ASSIGNMENT: Scan the records below. List lines holding "City".

(Crawled caption data)
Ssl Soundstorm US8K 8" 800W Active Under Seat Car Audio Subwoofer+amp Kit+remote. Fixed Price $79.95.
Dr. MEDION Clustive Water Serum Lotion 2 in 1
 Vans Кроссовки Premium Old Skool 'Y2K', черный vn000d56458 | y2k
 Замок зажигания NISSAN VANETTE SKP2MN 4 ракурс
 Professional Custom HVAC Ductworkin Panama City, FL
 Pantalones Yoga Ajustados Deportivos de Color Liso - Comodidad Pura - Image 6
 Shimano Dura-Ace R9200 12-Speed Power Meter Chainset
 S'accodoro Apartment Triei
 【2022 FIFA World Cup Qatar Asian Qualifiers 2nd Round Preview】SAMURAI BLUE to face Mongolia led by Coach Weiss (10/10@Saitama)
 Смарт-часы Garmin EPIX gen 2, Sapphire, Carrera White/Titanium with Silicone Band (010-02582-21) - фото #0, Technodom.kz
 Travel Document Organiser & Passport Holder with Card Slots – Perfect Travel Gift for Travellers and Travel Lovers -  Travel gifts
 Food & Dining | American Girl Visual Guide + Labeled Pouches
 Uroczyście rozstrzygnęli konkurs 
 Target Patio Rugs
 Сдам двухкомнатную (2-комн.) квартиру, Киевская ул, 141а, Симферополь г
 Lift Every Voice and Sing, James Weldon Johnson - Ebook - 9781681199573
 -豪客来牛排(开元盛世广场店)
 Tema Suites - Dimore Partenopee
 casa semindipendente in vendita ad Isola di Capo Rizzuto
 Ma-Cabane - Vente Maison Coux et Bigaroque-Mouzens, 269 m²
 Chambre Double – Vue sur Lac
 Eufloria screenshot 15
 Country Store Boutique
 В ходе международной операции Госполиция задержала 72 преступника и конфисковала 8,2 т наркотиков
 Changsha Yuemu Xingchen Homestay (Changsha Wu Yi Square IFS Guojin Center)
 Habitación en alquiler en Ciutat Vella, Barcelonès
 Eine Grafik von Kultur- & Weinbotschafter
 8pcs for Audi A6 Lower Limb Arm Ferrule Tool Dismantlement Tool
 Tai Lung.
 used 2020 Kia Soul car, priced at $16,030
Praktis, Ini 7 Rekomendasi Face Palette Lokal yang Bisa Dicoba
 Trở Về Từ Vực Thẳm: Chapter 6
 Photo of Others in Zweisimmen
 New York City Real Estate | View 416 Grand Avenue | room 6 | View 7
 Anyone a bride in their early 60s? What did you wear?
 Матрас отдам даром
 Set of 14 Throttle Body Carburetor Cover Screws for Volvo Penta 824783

SOLVED EXERCISE:
 Professional Custom HVAC Ductworkin Panama City, FL
 New York City Real Estate | View 416 Grand Avenue | room 6 | View 7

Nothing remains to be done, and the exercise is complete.